On My Projects

Rather a lot of my professional writing, outside of academia, has been focused on the pulp and paper industry in Canada, with a specific focus on that industry’s attempts to integrate bio-refining in an effort to diversify. It’s an interesting topic, one I didn’t expect to get into when I dreamed of writing as a child. Lately, I’ve been expanding into the entire forest industry, not just pulp and paper. I’ve written about pellets, tree planting, the industry in the east of Québec, Ontario forest tenure reforms, and the sustainability of the industry. I’ve also written about the recent attacks on the industry by radical environmentalist groups. I’ve learned more about forestry in Canada than I ever thought I would. Importantly, I’ve learned about some of the people in forestry in Canada.

I haven’t had a chance to write a story about it yet, but one of the things I’ve been struck by most in all the research and interviews is the people I talk to.
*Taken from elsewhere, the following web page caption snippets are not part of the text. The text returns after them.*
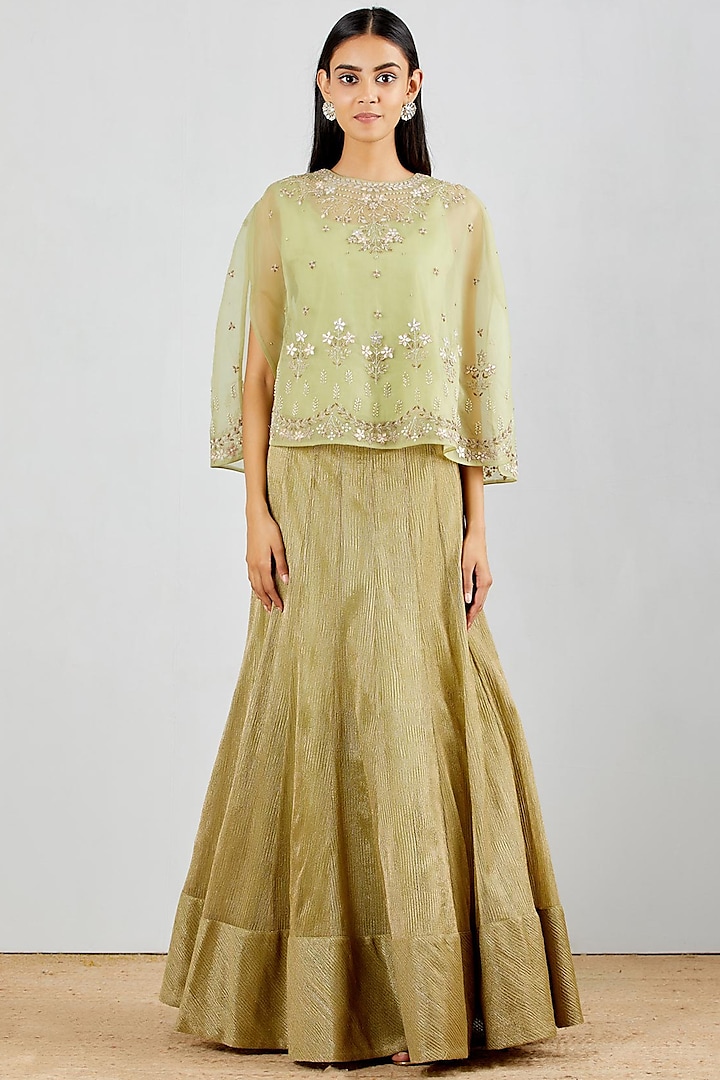 Gold Textured Skirt Set by Kavita Bhartia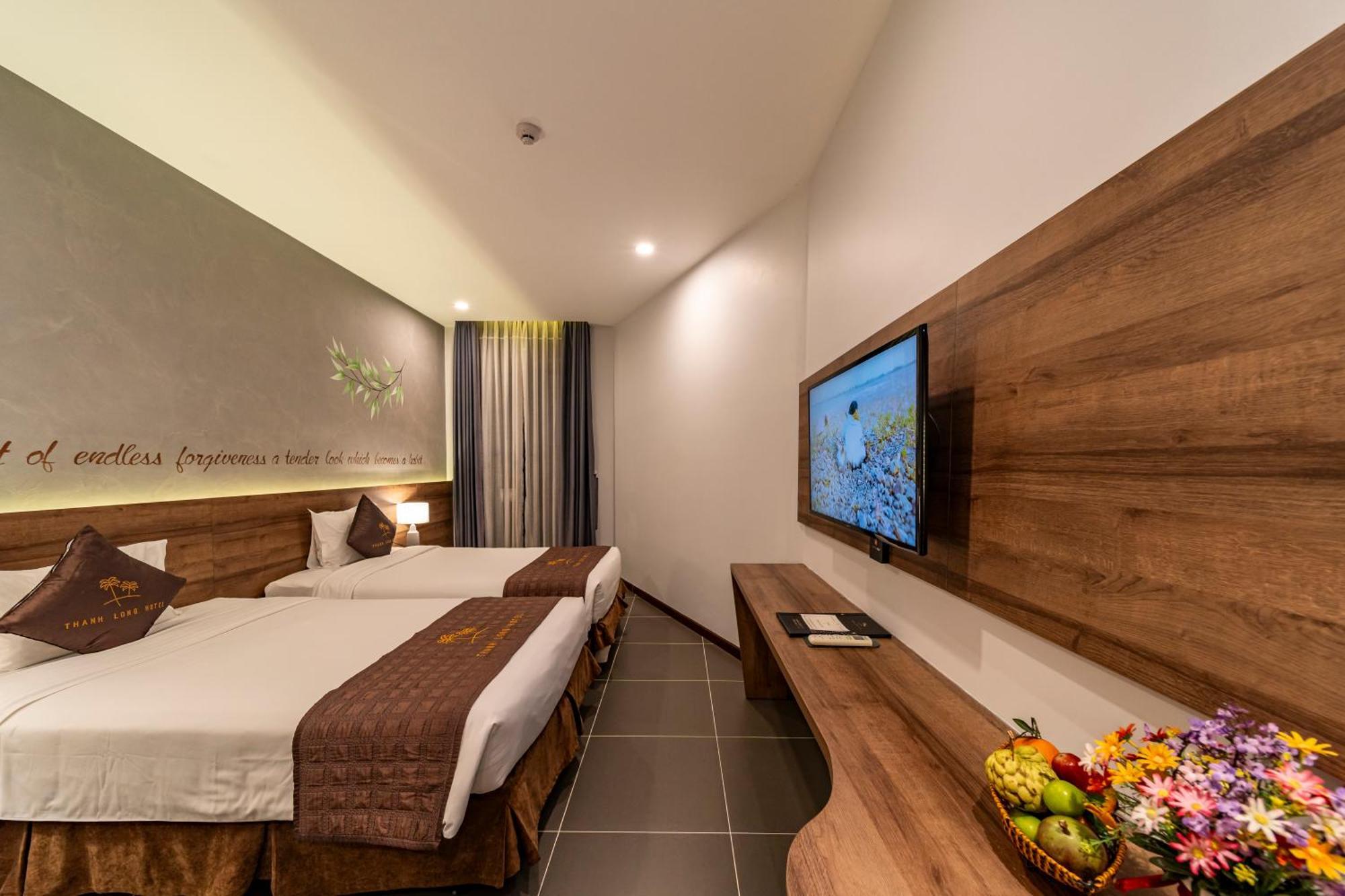 Thanh Long Hotel - Bach Dang Хошимин Экстерьер фото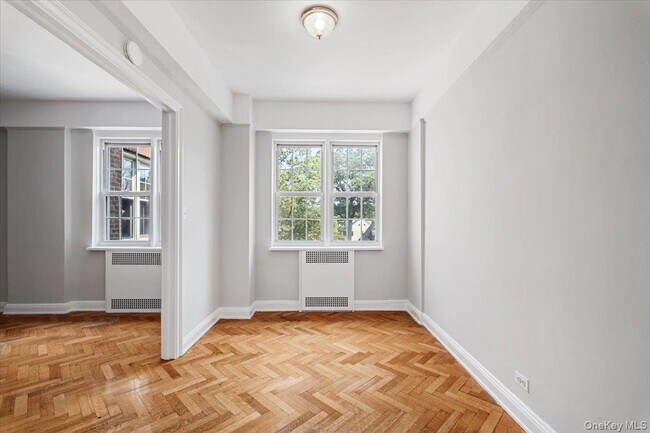 Building Photo - 45 Popham Rd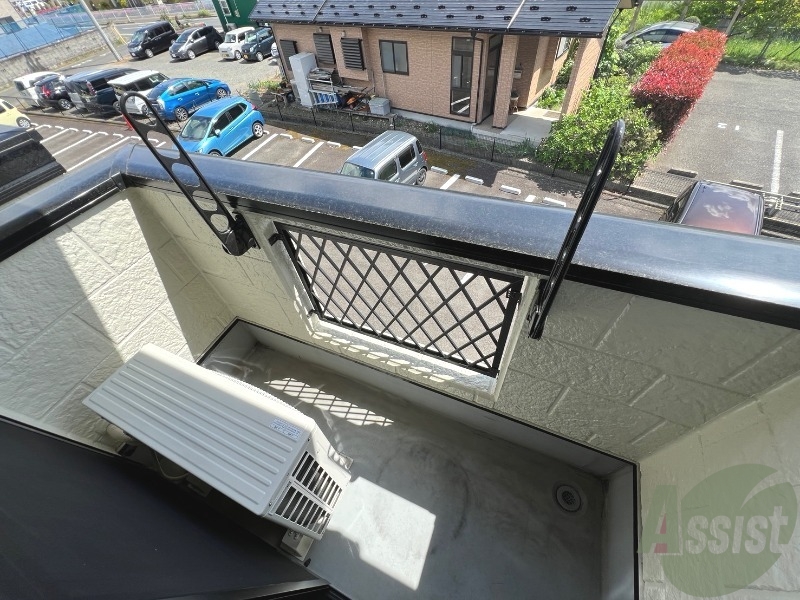 バルコニー　バルコニーは広々としていて洗濯物を干すには十分です。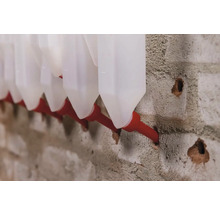 Mai multe adăpătoare pentru animale fixate pe un perete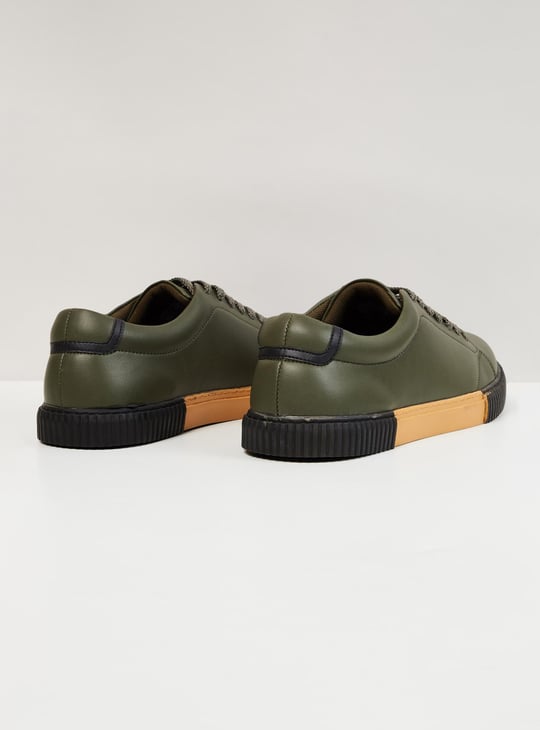 Men Solid Coloured Lace-Up Casual Shoes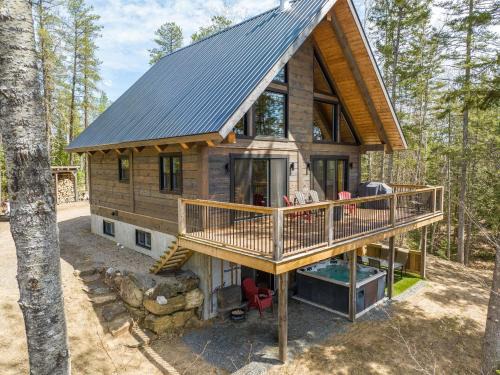 Mauricie Casa | L'Inukshuk - Chalet en bois ave Spa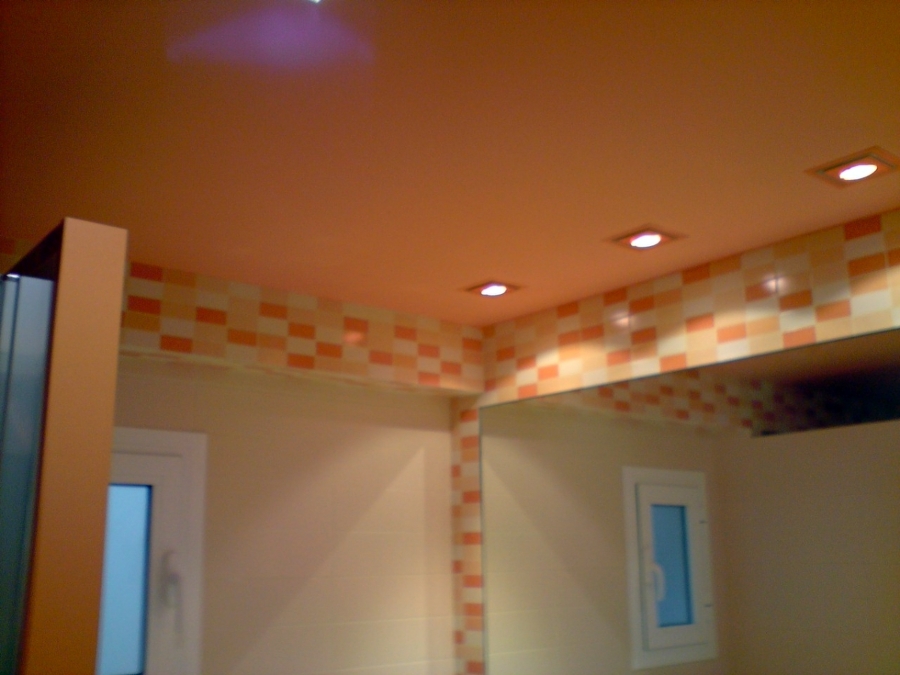 techo baño naranja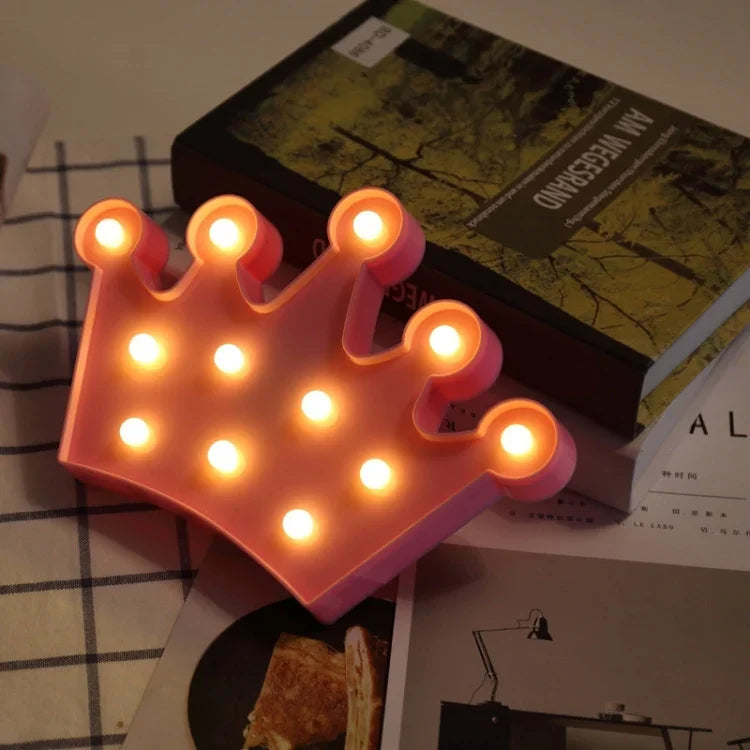 Luz de Mesa para Festa e Casamento Alimentada por 2 Pilhas AA, Pequena Coroa (Rosa), Pequena Coroa (Azul), Pequena Coroa (Branca)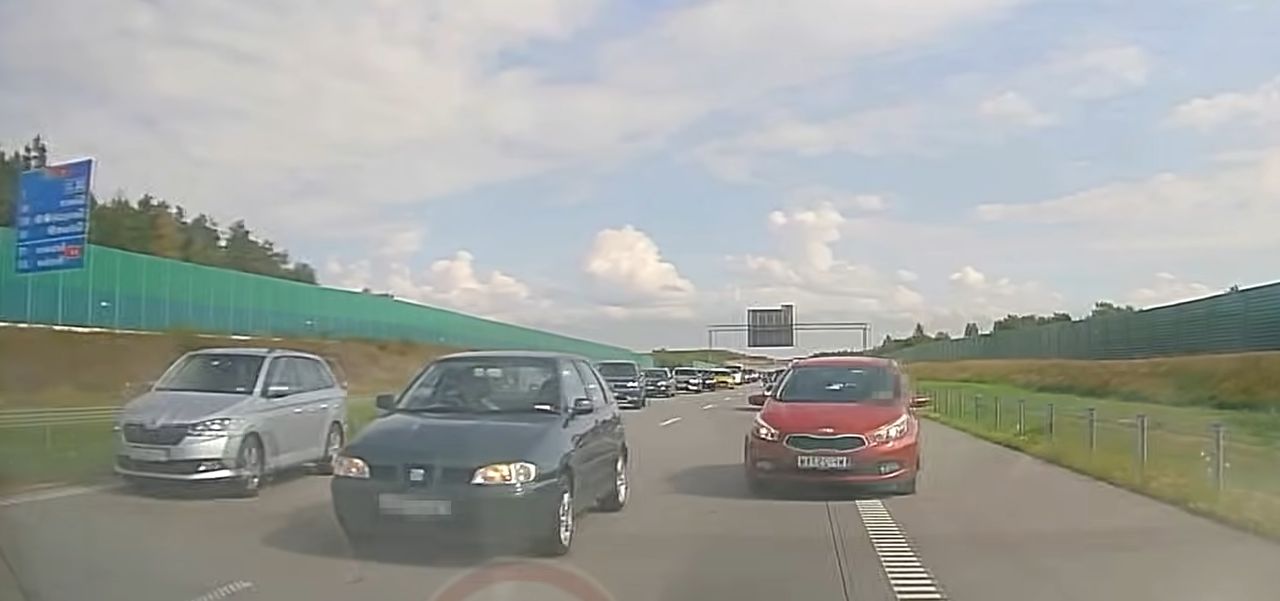 Bulwersująca sytuacja na A1. Internauci nie zostawili suchej nitki na kierowcy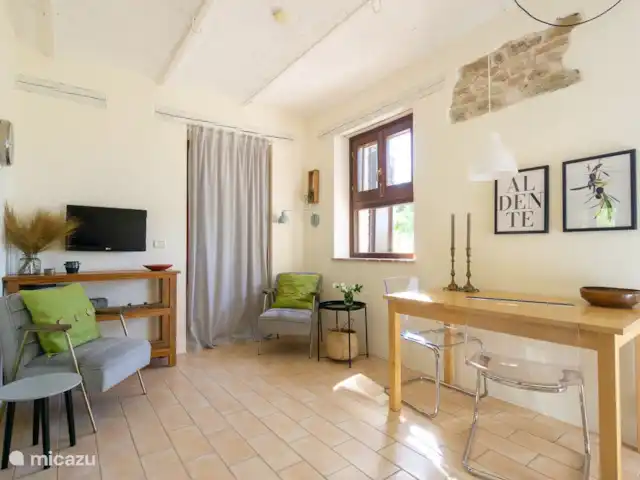 Location de Vacances Italie, Marche, Arcevia, appartement - Rosa nel Pozzo - Appartement Olive Siège confortable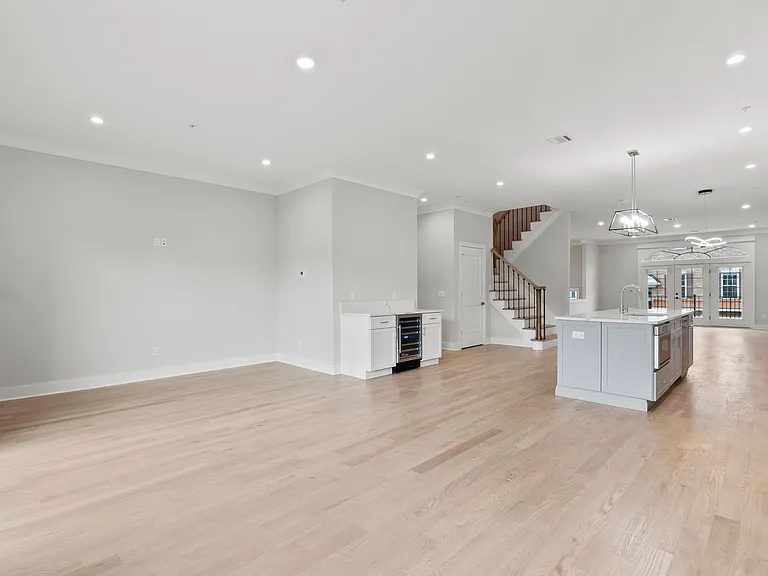 105 Brandon Ct — Photo 30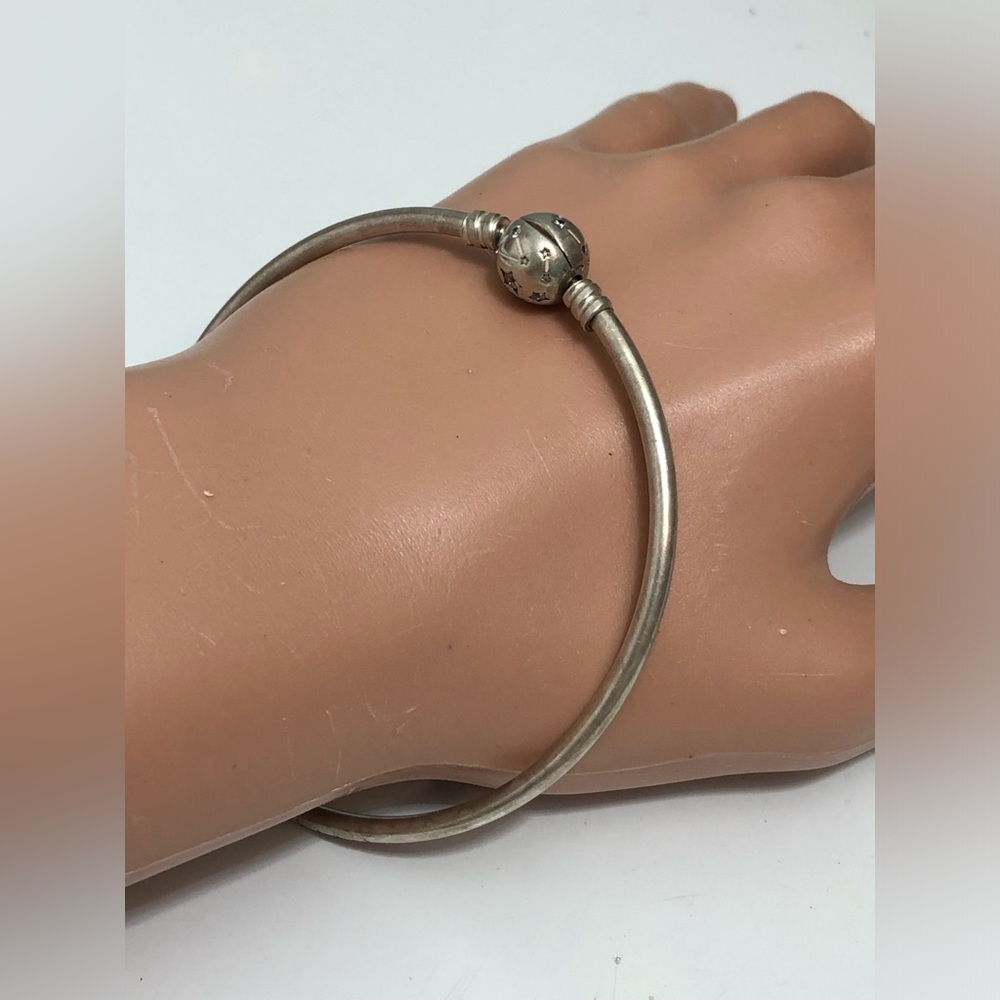 Pandora 925 Sterling Silver Bangle Bracelet Ball size 8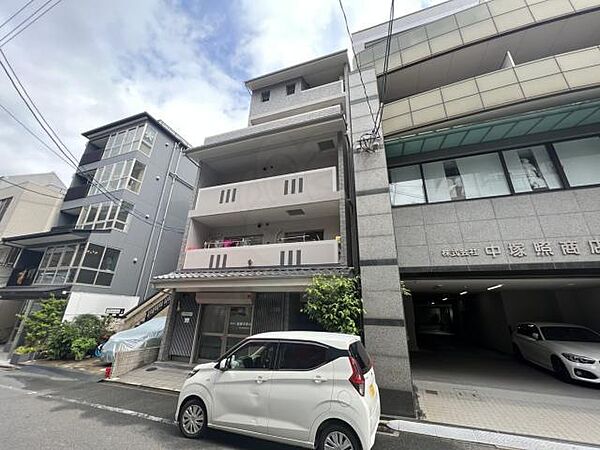 コンフォレスト三条 ｜京都府京都市中京区釜座町(賃貸マンション2LDK・3階・60.36㎡)の写真 その3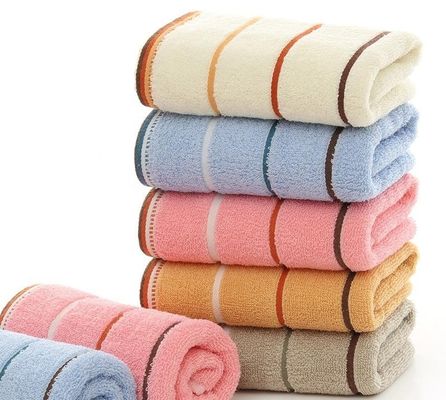 Toutes les tranches d'âge 70*140 cm Large serviette de bain en coton pur avec une excellente absorption de l'eau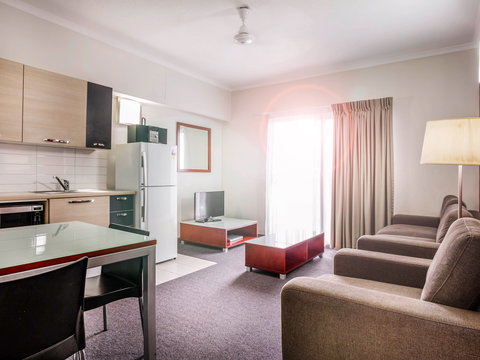 Novotel Darwin Airport Hotel - Accommodation Resorts 2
Mill managers, or executives at small companies, or the Mayors of northern Ontario towns. They all share a passion for what it is they do, and a real concern for the people who are under there care, be it employees, or citizens. I’ve seen big men nearly tear up at the loss of jobs in their mill; not jobs for them, but people with families, in small communities, where their children likely go to school together. People who have worked together for years. Or citizens who have been out of work for years, because of the downturn. Or whose jobs are threatened by false claims and misinformation about the industry in general. Real concern, and real passion.

I know someone who told me that when you’re dealing with a small company, you need to pay as much attention to who that company is as to what it does. The small companies depend on their people in a way a large corporation doesn’t. And when you speak with those people, it shows: in their faces, and in their voices.

I’d like to get a story out of this idea one day, and meet even more of these people. I feel like that would be nice.

I’m also working on a project over at Idiosyncrate. It’s fun, and I like it. I hope you do to. Be sure to let me know.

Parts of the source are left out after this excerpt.